BBC’de ‘Murphy’s Law’ ile Kenneth Branagh’ın ‘Jack Ryan’ filminde oynayan Hana’nın torunu Isobel Pravda, “Yahudi olmasının sonucu olarak büyükannemin ve bazı etnik grupların maruz kaldığı acılar günümüzde insanın hemcinsine zulmünün bir örneği olarak görülmelidir. Büyükannemin hayatta kalma mücadelesini inanılmaz yaşam öyküsünü canlandırıyor olmaktan onur duyuyorum,” demekte.
Oyunda canlandırılan Milos Dobry ailesinden önce Terezin’e gönderildi.

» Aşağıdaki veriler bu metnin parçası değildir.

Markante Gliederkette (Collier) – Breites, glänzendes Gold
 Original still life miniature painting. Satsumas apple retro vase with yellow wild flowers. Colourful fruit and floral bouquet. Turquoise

Birkaç ay sonra aynı kampa gönderilen ailesi Milos’u gördüğünde çok şaşırdı. Milos Dobry ailesinin şaşırma ve sevinme sebebini şu sözlerle açıklayacaktı: “Kasapta çalıştığım için şişmanlamıştım, sağlıklı görünüyordum. Beni bu durumda görünce sevinçten gözlerinin sulandığını anımsıyorum.” Hana ise gönderildiği Terezin’de sahnelenen bazı oyunlarda rol alma şansını bulmuştu.
Milos Dobry, Hana Pravda her ikisi kamplardaydı, büyük acılar çektiler. Hana eşini, Milos ailesini yitirdi. Tiyatroya uygulamak üzere bu iki kişinin seçilmiş olmasının özel bir sebebi yok. Bu iki kişi birbirlerini tanımadılar, belki de hiç karşılaşmadılar. Tek ortak noktaları ikisinin de Terezin’in ardından Auschwitz’e gönderilmiş olmaları. Yaşadıklarının da diğer Holokost kurtulanları ile karşılaştırıldığında farklı bir yönü yok.